In 1992’s Planned Parenthood v. Casey, the Supreme Court did rule that states may constitutionally compel physicians to provide “truthful, nonmisleading information” to women who seek an abortion. But the counseling requirement at issue in Casey was dramatically different from those prevalent today. Pennsylvania’s statute required doctors to provide “printed materials” to women “describing the fetus and providing information about medical assistance for childbirth,” as well as “information about child support from the father” and “a list of agencies which provide adoption and other services as alternatives to abortion.” Women could ignore this material if they preferred, and the doctor herself was not required to repeat it.

By comparison, today’s counseling laws are extraordinarily intrusive and compel doctors to personally express medically discredited opinions with which they may disagree. In most states, counseling must be face-to-face. In some, the anti-abortion counseling must occur while the woman is undergoing an ultrasound. That’s a far cry from Pennsylvania’s law directing abortion providers to make medically accurate materials available to patients for their optional perusal.

The federal judiciary is sharply divided over these modern laws. Some courts have upheld them—but in 2014, the U.S. Court of Appeals for the 4th Circuit struck down an especially intrusive North Carolina counseling law on free speech grounds. The court declared that under the First Amendment, a state “cannot commandeer the doctor-patient relationship to compel a physician to express its preference to the patient.” The Supreme Court declined to review the ruling.
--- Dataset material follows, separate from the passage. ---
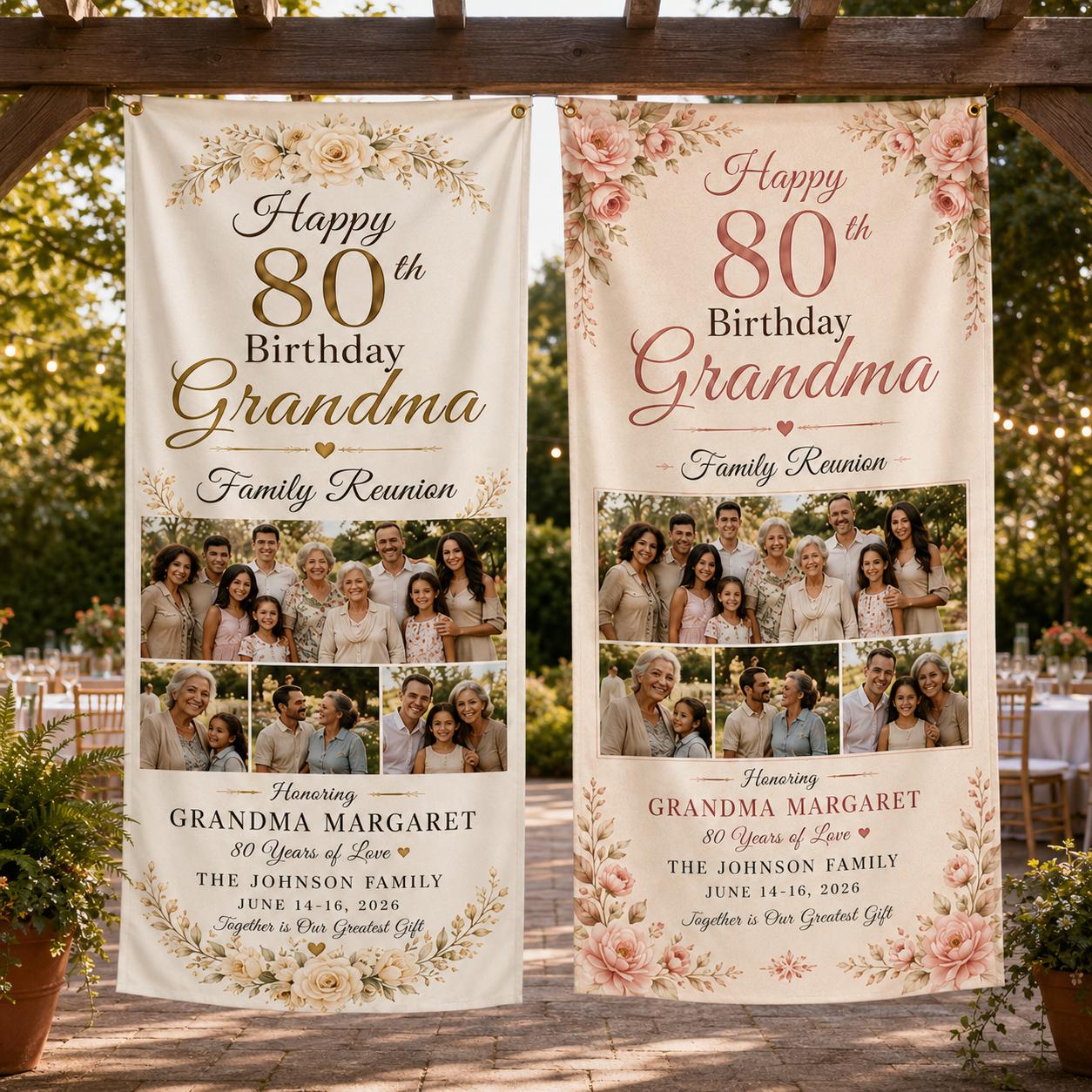 Grandma 80th Birthday Banner, Personalized Family Reunion Photo Banner, Custom Satin Birthday Sign - product image 8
That’s the double-edged sword here: If California cannot legally compel CPCs to provide basic information about actual family planning services and disclose their lack of a medical license, it is difficult to see how other states can continue to force abortion providers to express discredited anti-abortion misinformation. A First Amendment rule that prohibits the government from compelling CPCs to post truthful disclosures would surely bar the government from compelling real doctors to spout biased pseudoscience. Thus, if the Supreme Court rules against California in this case, it seems likely to espouse a constitutional principle that would ultimately—if applied consistently—invalidate dozens of anti-abortion regulations for infringing upon doctors’ freedom of speech.

In the lower courts, CPCs attempted to differentiate these two forms of compelled speech by claiming that, unlike doctors, their religious rights are burdened by endorsing speech that includes abortion information. But the Supreme Court explicitly tossed the free exercise question on Monday, focusing solely on freedom of speech. It’s possible, of course, that the conservative justices could view the free speech question through religion-tinted glasses. But in theory, this case will be decided on free speech grounds alone—meaning NIFLA may have opened up a much bigger can of worms than it bargained for.